En quoi un renforcement de
l’enseignement de la laïcité, qui n’est
synonyme ni de tolérance ni d’égalité
hommes-femmes, mais qui régit les
rapport des Eglises et de l’Etat (selon
la formulation de la loi de 1905),
résoudra-t-il le problème des quartiers
populaires ? Les mêmes qui piétinent
allègrement les principes de la
République, particulièrement celui
d’égalité, voudraient faire de la
laïcité un concept fondateur, mais dans
le seul but de justifier leur
islamophobie.

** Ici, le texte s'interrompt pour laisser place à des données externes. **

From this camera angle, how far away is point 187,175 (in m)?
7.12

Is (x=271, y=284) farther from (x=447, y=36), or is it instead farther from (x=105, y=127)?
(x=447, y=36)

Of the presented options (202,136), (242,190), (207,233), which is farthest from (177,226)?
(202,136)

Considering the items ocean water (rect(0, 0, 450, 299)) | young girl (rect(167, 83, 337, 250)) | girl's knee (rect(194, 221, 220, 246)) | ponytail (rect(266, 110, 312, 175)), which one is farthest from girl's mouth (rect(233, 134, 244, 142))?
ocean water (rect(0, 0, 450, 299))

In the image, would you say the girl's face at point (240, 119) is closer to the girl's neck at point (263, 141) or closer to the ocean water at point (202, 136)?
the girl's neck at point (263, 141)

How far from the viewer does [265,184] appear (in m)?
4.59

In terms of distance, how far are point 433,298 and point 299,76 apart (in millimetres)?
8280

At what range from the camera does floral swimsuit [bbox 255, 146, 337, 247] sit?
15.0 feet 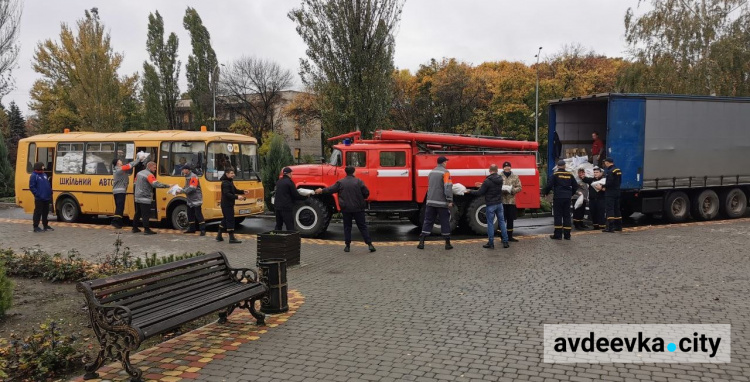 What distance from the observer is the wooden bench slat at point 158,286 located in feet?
16.3

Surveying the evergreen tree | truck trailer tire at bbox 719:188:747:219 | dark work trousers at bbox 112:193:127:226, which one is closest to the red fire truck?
dark work trousers at bbox 112:193:127:226

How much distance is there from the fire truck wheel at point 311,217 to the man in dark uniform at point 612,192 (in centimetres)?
726

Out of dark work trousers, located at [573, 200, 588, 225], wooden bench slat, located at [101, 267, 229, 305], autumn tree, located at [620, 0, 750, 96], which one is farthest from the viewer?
autumn tree, located at [620, 0, 750, 96]

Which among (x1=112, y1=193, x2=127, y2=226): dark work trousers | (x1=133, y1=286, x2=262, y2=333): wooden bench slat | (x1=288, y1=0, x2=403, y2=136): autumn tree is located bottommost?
(x1=133, y1=286, x2=262, y2=333): wooden bench slat

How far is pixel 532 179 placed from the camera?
14.2 metres

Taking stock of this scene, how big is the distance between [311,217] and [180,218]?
153 inches

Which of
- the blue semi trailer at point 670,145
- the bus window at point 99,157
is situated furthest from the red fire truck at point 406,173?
the bus window at point 99,157

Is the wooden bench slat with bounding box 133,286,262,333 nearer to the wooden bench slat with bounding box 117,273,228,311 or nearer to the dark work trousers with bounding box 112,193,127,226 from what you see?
the wooden bench slat with bounding box 117,273,228,311

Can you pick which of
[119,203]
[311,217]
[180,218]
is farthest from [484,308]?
[119,203]

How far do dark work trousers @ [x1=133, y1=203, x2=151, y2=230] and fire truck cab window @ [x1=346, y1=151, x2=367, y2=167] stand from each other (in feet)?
17.7

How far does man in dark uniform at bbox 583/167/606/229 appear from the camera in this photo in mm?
14422

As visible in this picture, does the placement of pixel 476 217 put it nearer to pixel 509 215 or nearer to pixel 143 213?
pixel 509 215

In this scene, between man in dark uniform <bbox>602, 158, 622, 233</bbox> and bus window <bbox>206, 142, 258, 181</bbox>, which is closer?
man in dark uniform <bbox>602, 158, 622, 233</bbox>

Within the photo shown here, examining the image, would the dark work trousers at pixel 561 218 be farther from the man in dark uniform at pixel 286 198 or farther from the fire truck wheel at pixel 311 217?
the man in dark uniform at pixel 286 198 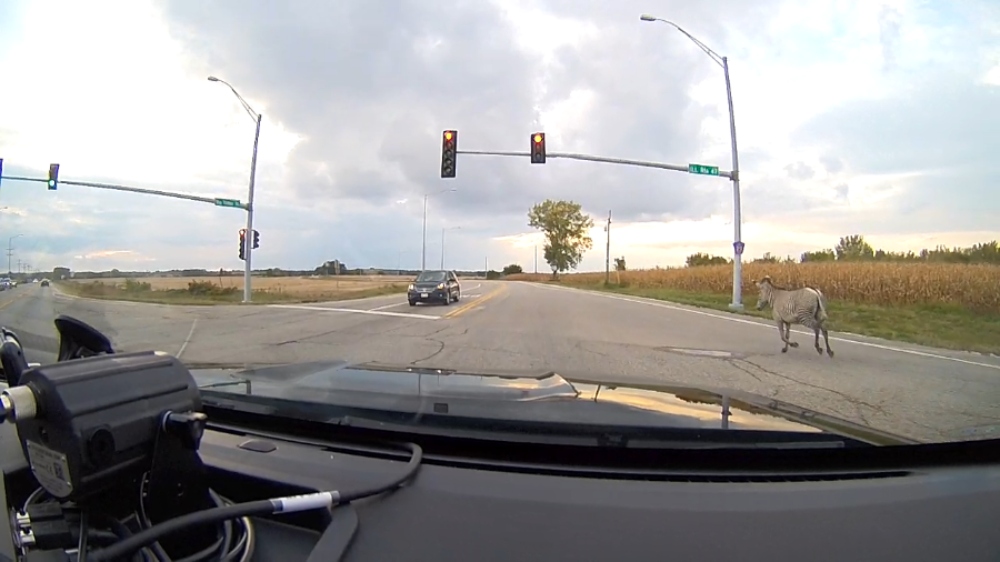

Répétons-le, la laïcité
concerne la place de la religion et
garantit le droit de tous les fidèles à
exercer leur foi en toute liberté (y
compris dans l’espace public : la loi de
1905 n’a jamais aboli les processions
religieuses, par exemple).
Je publie ci-dessous de courts
extraits édités de mon livre La
République, l’islam et le monde
(Pluriel, Fayard), qui a été réédité
en 2014.
Il existe en France une
« mentalité laïque », selon la
formulation de Jean Boussinesq,
vieil adhérent de l’Union
rationaliste et auteur d’une
indispensable présentation des
textes officiels qui régissent la
laïcité : « Mentalité vague mais
prégnante chez la grande majorité
des Français, qui se disent
sincèrement attachés à la laïcité,
mais qui donnent à ce mot des
significations parfois assez
différentes des textes
institutionnels ou de la pratique
politique, parce qu’en fait très peu
de gens ont lu les textes. » Et
de conclure ironiquement :
« Autrefois, dans les examens pour
rire qu’on faisait passer aux
bizuths dans certaines classes, il y
avait un sujet de dissertation qui
revenait souvent : “Métaphysique
et bicyclette”. On sourit.
Pourtant, est-ce plus farfelu que
“Piscine et laïcité” ? » Et que
Charlie et laïcité ?
Comment s’étonner que le concept
de laïcité soit si souvent utilisé à
mauvais escient ? Quand le ministre
de l’intérieur français de l’époque,
Nicolas Sarkozy, proclame que les
femmes doivent paraître sur les
photos d’identité tête nue, il pose
un problème d’ordre public, pas de
laïcité… Quand on évoque la mixité à
l’école, il s’agit d’égalité entre
garçons et filles, pas de laïcité —
l’école laïque s’est bien
accommodée, jusqu’à la fin des
années 1960, de la séparation des
sexes, et la République laïque,
pendant des décennies, du refus du
droit de vote aux femmes… Et que
penser d’un quotidien du soir qui
titre sur toute une page « Le
principe de laïcité subit de
multiples entorses sur les
terrains » (de sport) ; quel rapport
entre le football ou la course à
pied et les religions ?
« En le votant [le projet
de loi de séparation des Eglises et
de l’Etat], vous ramènerez l’Etat
à une juste appréciation de son rôle
et de sa fonction : vous rendrez la
République à la véritable tradition
révolutionnaire et vous aurez
accordé à l’Eglise ce qu’elle a
seulement le droit d’exiger, à
savoir la pleine liberté de
s’organiser, de vivre, de se
développer selon ses règles et par
ses propres moyens, sans autre
restriction que le respect des lois
et de l’ordre public. »
(Aristide Briand, Rapport sur le
projet de loi de séparation de
l’Eglise et de l’Etat,
4 mars 1905). Un siècle et quelque
plus tard, il vaut mieux être avec
Aristide Briand et son mentor de
l’époque Jean Jaurès, qu’avec Manuel
Valls et Guéant (lire « Oui
à Briand et à Jaurès, non à Guéant
et à Valls (I) »)
A quoi sert
« Le Monde diplomatique » ?
A apprendre et à comprendre.
A donner un peu de cohérence
au fracas du monde là où
d’autres empilent des
informations.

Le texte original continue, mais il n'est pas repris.